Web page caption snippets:
________________

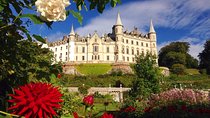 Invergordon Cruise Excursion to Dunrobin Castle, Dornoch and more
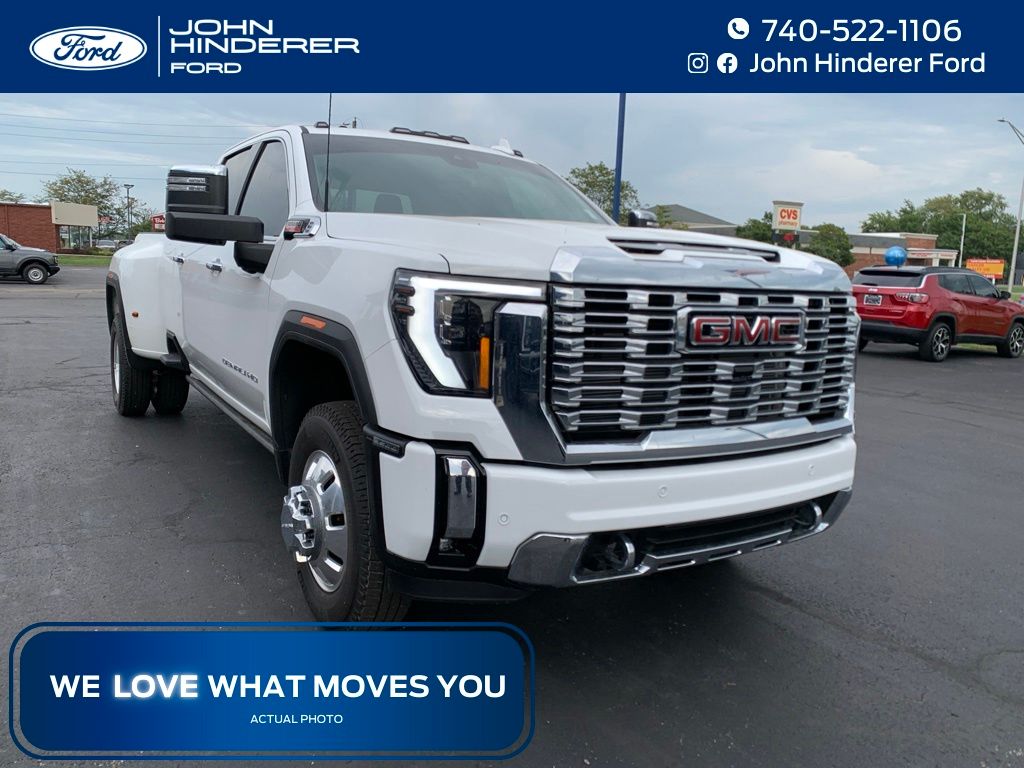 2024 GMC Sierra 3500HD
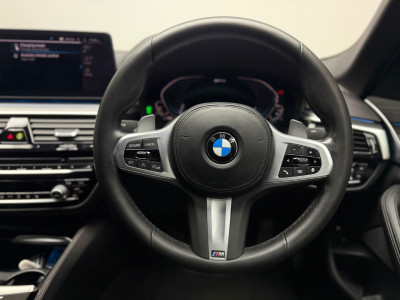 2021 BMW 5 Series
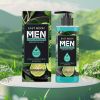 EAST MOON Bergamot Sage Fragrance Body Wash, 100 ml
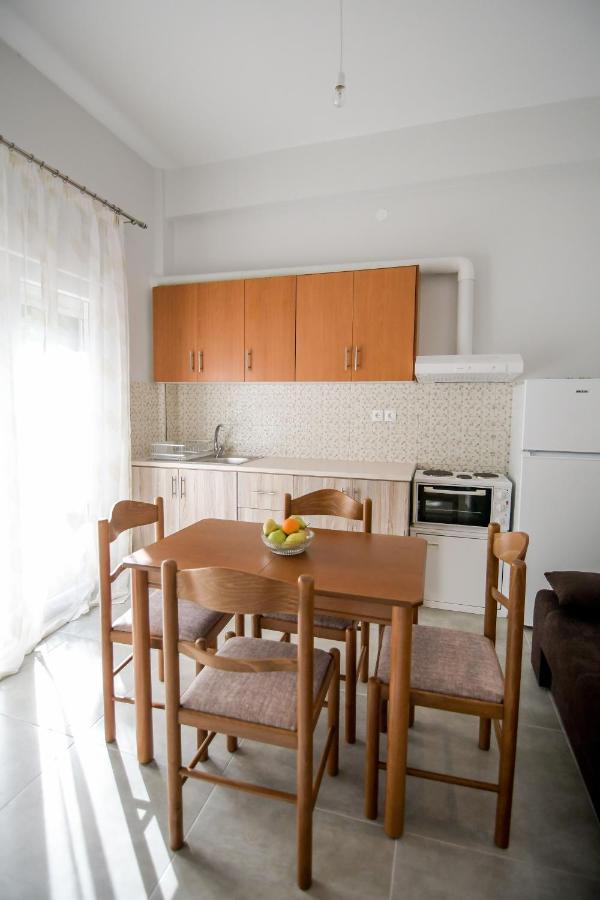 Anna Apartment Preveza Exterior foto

________________

Problem to work on:
When you copy the data above, reproduce each line exactly and skip every image.

Solution below:
 Invergordon Cruise Excursion to Dunrobin Castle, Dornoch and more
 2024 GMC Sierra 3500HD
 2021 BMW 5 Series
 EAST MOON Bergamot Sage Fragrance Body Wash, 100 ml
 Anna Apartment Preveza Exterior foto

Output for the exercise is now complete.